In this thesis, we investigate how to best use some available standards such as the Media Fragments URI specification and advanced annotation techniques to turn multimedia content into a first class citizen of the Web. To make this integration effective, we advocate the use of semantic technologies as a way to enable machines to automatically perform these tasks. We present approaches relying on different information retrieval and knowledge representation strategies for filling the gap between the low-level visual features obtainable via traditional analysis techniques, and the meaningful high-level annotations ready to be consumed. Aligning those concepts to standard vocabularies in the domain make it possible for machines to interpret and reason over the information available in those documents in order to offer innovative operations for browsing, enriching and hyperlinking media fragments, and ultimately, improve the way multimedia information is consumed.
We argue that the lack of context that a multimedia document taken in isolation can provide, hinders a proper understanding of the story being reported.

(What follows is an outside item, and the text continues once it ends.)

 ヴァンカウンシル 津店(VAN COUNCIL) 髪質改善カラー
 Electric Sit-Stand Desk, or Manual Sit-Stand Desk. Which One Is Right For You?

International news items are a good example of such phenomena. Therefore, there is a need of unveiling other story's aspects that, even not being explicitly present in the seed document, are crucial to fully capture the backstory. To deal with this problem, we propose an innovative conceptual model called the News Semantic Snapshot (NSS) that is designed to make explicit the wide context of a news event. Following a process called Named Entity Expansion, we query the Web to bring other viewpoints about what is happening around us, from the thousands of news articles and posts where we could potentially find those missing story details. We have also proposed an innovative Concentric-based approach that better spots those contextual entities by leveraging on the duality between the so-called Core, which contains representative entities that are frequently mentioned in the related documents, and the the ones that hold particular semantic relationships with the Core and shape up the Crust around it.